[YOUR TASK] Could you reproduce every entry that follows, exactly as shown?

[LISTED ENTRIES]
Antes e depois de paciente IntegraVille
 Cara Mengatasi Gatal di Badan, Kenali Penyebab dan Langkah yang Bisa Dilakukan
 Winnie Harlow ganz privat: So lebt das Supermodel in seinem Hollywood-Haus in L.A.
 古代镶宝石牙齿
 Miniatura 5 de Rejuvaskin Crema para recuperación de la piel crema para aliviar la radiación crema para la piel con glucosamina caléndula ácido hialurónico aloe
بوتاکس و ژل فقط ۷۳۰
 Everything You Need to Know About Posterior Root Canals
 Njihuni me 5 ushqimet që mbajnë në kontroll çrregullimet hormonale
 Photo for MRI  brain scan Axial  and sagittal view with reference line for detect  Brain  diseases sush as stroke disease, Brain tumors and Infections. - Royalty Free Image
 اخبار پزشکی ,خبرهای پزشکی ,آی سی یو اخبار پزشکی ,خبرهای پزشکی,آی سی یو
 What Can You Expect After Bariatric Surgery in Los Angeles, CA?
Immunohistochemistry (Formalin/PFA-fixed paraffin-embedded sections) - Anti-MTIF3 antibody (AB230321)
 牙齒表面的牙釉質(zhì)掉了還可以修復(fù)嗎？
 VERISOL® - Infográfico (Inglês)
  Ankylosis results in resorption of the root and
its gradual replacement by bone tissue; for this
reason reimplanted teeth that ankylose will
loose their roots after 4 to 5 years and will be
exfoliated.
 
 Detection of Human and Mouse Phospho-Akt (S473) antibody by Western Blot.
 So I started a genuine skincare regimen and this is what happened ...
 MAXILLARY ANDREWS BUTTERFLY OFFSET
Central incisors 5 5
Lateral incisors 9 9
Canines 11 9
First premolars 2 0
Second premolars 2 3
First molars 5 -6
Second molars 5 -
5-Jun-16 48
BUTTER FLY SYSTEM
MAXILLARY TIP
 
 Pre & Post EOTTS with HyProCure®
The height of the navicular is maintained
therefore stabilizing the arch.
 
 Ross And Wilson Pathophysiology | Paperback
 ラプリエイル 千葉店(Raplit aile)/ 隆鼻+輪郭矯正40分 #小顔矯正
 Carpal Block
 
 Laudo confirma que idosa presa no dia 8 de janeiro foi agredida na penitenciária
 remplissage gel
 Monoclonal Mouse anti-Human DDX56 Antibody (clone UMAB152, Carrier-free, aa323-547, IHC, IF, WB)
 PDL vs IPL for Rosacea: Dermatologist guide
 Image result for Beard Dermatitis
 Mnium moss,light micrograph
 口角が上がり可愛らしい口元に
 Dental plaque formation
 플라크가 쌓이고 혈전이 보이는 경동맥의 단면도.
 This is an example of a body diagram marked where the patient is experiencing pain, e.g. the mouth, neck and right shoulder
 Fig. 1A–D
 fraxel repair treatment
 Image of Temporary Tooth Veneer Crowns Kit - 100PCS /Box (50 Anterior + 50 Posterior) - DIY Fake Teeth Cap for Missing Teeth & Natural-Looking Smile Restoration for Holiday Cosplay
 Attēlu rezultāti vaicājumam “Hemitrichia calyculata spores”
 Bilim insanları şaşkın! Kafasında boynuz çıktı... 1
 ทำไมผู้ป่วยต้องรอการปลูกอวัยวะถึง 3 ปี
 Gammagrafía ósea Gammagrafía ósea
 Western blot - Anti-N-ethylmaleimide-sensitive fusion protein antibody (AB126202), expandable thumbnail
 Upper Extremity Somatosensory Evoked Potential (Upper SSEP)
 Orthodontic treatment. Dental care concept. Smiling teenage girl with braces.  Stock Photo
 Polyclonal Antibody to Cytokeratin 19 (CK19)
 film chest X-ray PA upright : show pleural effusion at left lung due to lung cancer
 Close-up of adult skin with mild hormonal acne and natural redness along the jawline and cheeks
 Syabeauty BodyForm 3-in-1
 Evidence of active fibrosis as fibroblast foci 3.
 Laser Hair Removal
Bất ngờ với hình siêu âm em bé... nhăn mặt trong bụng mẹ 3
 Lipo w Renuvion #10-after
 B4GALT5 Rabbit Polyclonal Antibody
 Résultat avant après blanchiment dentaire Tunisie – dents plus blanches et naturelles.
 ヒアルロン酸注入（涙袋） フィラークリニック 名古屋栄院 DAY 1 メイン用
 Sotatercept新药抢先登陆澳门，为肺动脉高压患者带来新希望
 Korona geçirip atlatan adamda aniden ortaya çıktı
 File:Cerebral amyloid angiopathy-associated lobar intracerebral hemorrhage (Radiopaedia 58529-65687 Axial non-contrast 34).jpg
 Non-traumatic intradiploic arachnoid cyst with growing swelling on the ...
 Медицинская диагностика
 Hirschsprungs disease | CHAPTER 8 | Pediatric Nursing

[REPLY]
Antes e depois de paciente IntegraVille
 Cara Mengatasi Gatal di Badan, Kenali Penyebab dan Langkah yang Bisa Dilakukan
 Winnie Harlow ganz privat: So lebt das Supermodel in seinem Hollywood-Haus in L.A.
 古代镶宝石牙齿
 Miniatura 5 de Rejuvaskin Crema para recuperación de la piel crema para aliviar la radiación crema para la piel con glucosamina caléndula ácido hialurónico aloe
بوتاکس و ژل فقط ۷۳۰
 Everything You Need to Know About Posterior Root Canals
 Njihuni me 5 ushqimet që mbajnë në kontroll çrregullimet hormonale
 Photo for MRI  brain scan Axial  and sagittal view with reference line for detect  Brain  diseases sush as stroke disease, Brain tumors and Infections. - Royalty Free Image
 اخبار پزشکی ,خبرهای پزشکی ,آی سی یو اخبار پزشکی ,خبرهای پزشکی,آی سی یو
 What Can You Expect After Bariatric Surgery in Los Angeles, CA?
Immunohistochemistry (Formalin/PFA-fixed paraffin-embedded sections) - Anti-MTIF3 antibody (AB230321)
 牙齒表面的牙釉質(zhì)掉了還可以修復(fù)嗎？
 VERISOL® - Infográfico (Inglês)
  Ankylosis results in resorption of the root and
its gradual replacement by bone tissue; for this
reason reimplanted teeth that ankylose will
loose their roots after 4 to 5 years and will be
exfoliated.
 
 Detection of Human and Mouse Phospho-Akt (S473) antibody by Western Blot.
 So I started a genuine skincare regimen and this is what happened ...
 MAXILLARY ANDREWS BUTTERFLY OFFSET
Central incisors 5 5
Lateral incisors 9 9
Canines 11 9
First premolars 2 0
Second premolars 2 3
First molars 5 -6
Second molars 5 -
5-Jun-16 48
BUTTER FLY SYSTEM
MAXILLARY TIP
 
 Pre & Post EOTTS with HyProCure®
The height of the navicular is maintained
therefore stabilizing the arch.
 
 Ross And Wilson Pathophysiology | Paperback
 ラプリエイル 千葉店(Raplit aile)/ 隆鼻+輪郭矯正40分 #小顔矯正
 Carpal Block
 
 Laudo confirma que idosa presa no dia 8 de janeiro foi agredida na penitenciária
 remplissage gel
 Monoclonal Mouse anti-Human DDX56 Antibody (clone UMAB152, Carrier-free, aa323-547, IHC, IF, WB)
 PDL vs IPL for Rosacea: Dermatologist guide
 Image result for Beard Dermatitis
 Mnium moss,light micrograph
 口角が上がり可愛らしい口元に
 Dental plaque formation
 플라크가 쌓이고 혈전이 보이는 경동맥의 단면도.
 This is an example of a body diagram marked where the patient is experiencing pain, e.g. the mouth, neck and right shoulder
 Fig. 1A–D
 fraxel repair treatment
 Image of Temporary Tooth Veneer Crowns Kit - 100PCS /Box (50 Anterior + 50 Posterior) - DIY Fake Teeth Cap for Missing Teeth & Natural-Looking Smile Restoration for Holiday Cosplay
 Attēlu rezultāti vaicājumam “Hemitrichia calyculata spores”
 Bilim insanları şaşkın! Kafasında boynuz çıktı... 1
 ทำไมผู้ป่วยต้องรอการปลูกอวัยวะถึง 3 ปี
 Gammagrafía ósea Gammagrafía ósea
 Western blot - Anti-N-ethylmaleimide-sensitive fusion protein antibody (AB126202), expandable thumbnail
 Upper Extremity Somatosensory Evoked Potential (Upper SSEP)
 Orthodontic treatment. Dental care concept. Smiling teenage girl with braces.  Stock Photo
 Polyclonal Antibody to Cytokeratin 19 (CK19)
 film chest X-ray PA upright : show pleural effusion at left lung due to lung cancer
 Close-up of adult skin with mild hormonal acne and natural redness along the jawline and cheeks
 Syabeauty BodyForm 3-in-1
 Evidence of active fibrosis as fibroblast foci 3.
 Laser Hair Removal
Bất ngờ với hình siêu âm em bé... nhăn mặt trong bụng mẹ 3
 Lipo w Renuvion #10-after
 B4GALT5 Rabbit Polyclonal Antibody
 Résultat avant après blanchiment dentaire Tunisie – dents plus blanches et naturelles.
 ヒアルロン酸注入（涙袋） フィラークリニック 名古屋栄院 DAY 1 メイン用
 Sotatercept新药抢先登陆澳门，为肺动脉高压患者带来新希望
 Korona geçirip atlatan adamda aniden ortaya çıktı
 File:Cerebral amyloid angiopathy-associated lobar intracerebral hemorrhage (Radiopaedia 58529-65687 Axial non-contrast 34).jpg
 Non-traumatic intradiploic arachnoid cyst with growing swelling on the ...
 Медицинская диагностика
 Hirschsprungs disease | CHAPTER 8 | Pediatric Nursing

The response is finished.